___ Supplied information

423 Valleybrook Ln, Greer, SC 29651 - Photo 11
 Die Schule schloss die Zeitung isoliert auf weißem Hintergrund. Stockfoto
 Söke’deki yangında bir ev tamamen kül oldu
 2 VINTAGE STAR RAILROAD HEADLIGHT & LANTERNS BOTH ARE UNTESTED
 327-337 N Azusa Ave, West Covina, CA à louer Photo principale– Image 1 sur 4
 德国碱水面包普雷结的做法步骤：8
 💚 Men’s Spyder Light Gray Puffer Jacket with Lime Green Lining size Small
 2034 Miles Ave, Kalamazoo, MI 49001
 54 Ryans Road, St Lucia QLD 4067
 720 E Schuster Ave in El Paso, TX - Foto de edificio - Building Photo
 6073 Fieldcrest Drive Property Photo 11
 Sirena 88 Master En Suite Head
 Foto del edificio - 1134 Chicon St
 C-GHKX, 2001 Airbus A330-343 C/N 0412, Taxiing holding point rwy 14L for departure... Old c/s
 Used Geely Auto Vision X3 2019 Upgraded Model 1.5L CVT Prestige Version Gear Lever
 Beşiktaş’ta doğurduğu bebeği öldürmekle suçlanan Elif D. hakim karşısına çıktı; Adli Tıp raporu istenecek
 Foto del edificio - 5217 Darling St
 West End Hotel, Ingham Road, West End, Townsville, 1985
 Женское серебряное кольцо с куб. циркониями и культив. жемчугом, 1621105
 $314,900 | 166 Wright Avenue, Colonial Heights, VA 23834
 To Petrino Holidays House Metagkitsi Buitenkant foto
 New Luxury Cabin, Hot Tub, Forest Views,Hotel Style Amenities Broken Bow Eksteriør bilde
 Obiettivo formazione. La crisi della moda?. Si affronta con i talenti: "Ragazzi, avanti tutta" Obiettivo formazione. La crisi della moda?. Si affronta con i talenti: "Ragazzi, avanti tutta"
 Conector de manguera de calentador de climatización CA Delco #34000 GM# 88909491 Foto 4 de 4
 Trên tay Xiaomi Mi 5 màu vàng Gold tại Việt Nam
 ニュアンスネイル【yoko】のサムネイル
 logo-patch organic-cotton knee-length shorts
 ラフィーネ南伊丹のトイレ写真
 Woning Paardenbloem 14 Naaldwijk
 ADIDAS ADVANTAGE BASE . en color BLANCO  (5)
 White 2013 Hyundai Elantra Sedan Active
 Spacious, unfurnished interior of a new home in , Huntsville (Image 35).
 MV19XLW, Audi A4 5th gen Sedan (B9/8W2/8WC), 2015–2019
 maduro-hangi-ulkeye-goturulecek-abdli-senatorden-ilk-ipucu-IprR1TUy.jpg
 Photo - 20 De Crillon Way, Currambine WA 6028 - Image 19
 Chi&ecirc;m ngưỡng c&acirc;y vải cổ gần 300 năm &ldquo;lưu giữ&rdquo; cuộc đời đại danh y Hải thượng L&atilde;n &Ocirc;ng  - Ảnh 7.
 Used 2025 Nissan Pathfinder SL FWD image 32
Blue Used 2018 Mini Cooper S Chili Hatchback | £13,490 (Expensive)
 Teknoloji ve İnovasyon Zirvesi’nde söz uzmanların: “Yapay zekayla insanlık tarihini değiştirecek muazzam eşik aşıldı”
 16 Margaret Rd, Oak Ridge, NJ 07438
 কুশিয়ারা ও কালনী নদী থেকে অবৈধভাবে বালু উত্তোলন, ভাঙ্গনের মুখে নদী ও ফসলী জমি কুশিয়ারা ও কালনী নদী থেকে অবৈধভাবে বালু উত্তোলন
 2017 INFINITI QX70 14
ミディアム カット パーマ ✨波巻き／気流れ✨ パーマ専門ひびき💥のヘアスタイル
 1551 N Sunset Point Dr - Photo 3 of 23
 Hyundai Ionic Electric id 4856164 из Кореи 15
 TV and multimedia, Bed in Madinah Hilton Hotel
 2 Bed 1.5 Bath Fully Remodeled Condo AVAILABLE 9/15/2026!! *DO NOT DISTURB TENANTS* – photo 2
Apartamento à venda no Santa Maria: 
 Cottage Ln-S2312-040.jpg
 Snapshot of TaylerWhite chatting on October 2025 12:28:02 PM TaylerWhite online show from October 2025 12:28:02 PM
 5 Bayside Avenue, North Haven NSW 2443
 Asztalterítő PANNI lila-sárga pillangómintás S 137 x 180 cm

______

Problem requirements
Copy exactly the lines running from the one that holds "2 Bed 1.5 Bath" to the last line of the listing above. Include both of those lines.

Exercise answer
 2 Bed 1.5 Bath Fully Remodeled Condo AVAILABLE 9/15/2026!! *DO NOT DISTURB TENANTS* – photo 2
Apartamento à venda no Santa Maria: 
 Cottage Ln-S2312-040.jpg
 Snapshot of TaylerWhite chatting on October 2025 12:28:02 PM TaylerWhite online show from October 2025 12:28:02 PM
 5 Bayside Avenue, North Haven NSW 2443
 Asztalterítő PANNI lila-sárga pillangómintás S 137 x 180 cm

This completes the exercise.